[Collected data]
══════════════════════════════

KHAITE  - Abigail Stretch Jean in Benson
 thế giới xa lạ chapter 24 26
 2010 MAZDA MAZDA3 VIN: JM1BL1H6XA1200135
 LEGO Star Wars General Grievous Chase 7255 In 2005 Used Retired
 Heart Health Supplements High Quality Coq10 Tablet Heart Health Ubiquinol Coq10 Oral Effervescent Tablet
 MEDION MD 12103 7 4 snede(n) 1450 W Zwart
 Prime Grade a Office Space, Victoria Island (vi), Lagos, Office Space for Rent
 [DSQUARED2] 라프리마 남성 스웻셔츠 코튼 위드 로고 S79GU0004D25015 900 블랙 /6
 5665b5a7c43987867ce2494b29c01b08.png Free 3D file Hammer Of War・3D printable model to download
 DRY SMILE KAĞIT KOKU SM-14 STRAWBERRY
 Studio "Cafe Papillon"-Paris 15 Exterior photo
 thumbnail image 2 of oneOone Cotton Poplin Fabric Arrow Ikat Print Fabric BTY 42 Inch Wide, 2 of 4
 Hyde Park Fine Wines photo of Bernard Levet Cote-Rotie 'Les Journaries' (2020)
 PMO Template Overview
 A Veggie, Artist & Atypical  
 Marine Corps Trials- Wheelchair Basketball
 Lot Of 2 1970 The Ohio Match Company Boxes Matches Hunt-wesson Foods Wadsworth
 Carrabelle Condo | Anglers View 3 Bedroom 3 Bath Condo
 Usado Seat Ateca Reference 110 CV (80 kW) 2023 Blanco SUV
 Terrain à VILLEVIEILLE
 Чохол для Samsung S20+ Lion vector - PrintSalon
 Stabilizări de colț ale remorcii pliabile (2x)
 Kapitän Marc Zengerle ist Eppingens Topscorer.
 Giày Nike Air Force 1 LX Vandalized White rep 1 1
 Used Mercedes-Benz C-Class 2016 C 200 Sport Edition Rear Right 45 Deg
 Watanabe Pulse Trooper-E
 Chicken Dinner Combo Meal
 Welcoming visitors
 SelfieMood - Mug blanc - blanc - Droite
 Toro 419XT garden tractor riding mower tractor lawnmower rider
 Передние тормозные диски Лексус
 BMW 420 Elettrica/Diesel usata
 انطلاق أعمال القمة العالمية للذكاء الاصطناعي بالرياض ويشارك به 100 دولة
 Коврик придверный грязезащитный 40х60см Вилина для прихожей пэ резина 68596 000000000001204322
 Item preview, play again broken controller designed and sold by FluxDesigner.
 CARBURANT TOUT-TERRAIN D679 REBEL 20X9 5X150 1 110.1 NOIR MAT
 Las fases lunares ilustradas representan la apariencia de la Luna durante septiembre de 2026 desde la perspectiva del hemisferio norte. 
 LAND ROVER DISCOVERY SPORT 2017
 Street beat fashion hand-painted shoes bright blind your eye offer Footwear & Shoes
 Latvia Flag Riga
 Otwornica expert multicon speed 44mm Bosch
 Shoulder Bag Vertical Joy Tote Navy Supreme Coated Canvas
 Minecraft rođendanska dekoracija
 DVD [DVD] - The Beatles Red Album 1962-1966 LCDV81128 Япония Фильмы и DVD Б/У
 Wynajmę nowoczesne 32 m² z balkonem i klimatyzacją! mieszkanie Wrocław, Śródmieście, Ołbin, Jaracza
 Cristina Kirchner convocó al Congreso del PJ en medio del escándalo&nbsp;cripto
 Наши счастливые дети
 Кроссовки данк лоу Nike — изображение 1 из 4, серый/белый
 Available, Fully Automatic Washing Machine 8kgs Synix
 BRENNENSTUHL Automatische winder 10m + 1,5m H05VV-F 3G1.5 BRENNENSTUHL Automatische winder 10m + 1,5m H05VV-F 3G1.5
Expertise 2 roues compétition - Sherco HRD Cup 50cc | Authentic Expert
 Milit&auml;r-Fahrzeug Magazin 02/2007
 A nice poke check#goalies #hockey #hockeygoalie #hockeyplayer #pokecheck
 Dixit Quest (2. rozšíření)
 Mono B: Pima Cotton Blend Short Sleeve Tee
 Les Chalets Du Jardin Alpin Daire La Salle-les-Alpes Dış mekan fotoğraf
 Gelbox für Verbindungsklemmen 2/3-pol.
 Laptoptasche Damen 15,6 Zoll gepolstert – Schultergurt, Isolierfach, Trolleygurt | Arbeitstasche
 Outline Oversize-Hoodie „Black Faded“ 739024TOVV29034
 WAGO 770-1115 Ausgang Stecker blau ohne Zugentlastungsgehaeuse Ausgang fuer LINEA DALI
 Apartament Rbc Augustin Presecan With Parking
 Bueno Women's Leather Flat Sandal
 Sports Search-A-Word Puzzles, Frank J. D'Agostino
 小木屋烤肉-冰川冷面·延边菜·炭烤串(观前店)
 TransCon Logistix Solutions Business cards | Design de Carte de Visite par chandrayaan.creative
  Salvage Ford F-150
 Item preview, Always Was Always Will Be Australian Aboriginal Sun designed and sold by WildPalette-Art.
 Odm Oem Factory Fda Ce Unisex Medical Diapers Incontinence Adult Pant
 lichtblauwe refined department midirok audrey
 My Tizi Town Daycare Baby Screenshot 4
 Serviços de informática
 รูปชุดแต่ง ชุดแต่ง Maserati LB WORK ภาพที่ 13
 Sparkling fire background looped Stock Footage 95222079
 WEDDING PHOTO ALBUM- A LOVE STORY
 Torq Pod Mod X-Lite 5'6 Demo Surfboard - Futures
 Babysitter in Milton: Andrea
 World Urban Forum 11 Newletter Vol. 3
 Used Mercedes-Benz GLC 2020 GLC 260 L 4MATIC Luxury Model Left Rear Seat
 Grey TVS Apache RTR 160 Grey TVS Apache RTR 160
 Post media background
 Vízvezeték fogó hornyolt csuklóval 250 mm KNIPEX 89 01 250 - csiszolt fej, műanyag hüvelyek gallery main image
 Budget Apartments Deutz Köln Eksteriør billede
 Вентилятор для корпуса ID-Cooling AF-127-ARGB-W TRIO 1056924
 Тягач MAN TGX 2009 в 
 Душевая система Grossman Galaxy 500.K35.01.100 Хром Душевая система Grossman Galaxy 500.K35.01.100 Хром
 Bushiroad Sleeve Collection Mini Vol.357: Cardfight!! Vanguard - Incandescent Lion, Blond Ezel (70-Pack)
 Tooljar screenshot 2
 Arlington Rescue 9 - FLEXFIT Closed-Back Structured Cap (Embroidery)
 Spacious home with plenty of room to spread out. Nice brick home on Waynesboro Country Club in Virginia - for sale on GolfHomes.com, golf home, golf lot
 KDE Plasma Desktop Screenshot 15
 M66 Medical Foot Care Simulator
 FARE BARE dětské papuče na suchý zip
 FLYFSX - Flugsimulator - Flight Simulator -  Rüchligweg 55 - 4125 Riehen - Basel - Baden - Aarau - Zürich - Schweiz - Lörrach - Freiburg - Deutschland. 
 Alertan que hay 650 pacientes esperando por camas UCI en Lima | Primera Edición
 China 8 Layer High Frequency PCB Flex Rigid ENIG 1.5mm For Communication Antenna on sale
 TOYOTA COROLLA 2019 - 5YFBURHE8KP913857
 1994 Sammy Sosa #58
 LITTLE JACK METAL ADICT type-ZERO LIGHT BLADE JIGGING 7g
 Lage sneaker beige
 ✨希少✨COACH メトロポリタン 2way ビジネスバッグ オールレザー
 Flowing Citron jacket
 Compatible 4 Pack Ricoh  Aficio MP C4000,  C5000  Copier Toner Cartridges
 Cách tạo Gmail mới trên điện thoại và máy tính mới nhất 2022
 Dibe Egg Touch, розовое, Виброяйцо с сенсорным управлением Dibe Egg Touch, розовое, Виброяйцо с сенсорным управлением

══════════════════════════════

Reproduce, word for word and in full, only the lines above that start at the line with "Used Mercedes-Benz C-Class" and run through the line with "Las fases lunares", both ends included.

→ SOLUTION BELOW:
 Used Mercedes-Benz C-Class 2016 C 200 Sport Edition Rear Right 45 Deg
 Watanabe Pulse Trooper-E
 Chicken Dinner Combo Meal
 Welcoming visitors
 SelfieMood - Mug blanc - blanc - Droite
 Toro 419XT garden tractor riding mower tractor lawnmower rider
 Передние тормозные диски Лексус
 BMW 420 Elettrica/Diesel usata
 انطلاق أعمال القمة العالمية للذكاء الاصطناعي بالرياض ويشارك به 100 دولة
 Коврик придверный грязезащитный 40х60см Вилина для прихожей пэ резина 68596 000000000001204322
 Item preview, play again broken controller designed and sold by FluxDesigner.
 CARBURANT TOUT-TERRAIN D679 REBEL 20X9 5X150 1 110.1 NOIR MAT
 Las fases lunares ilustradas representan la apariencia de la Luna durante septiembre de 2026 desde la perspectiva del hemisferio norte. 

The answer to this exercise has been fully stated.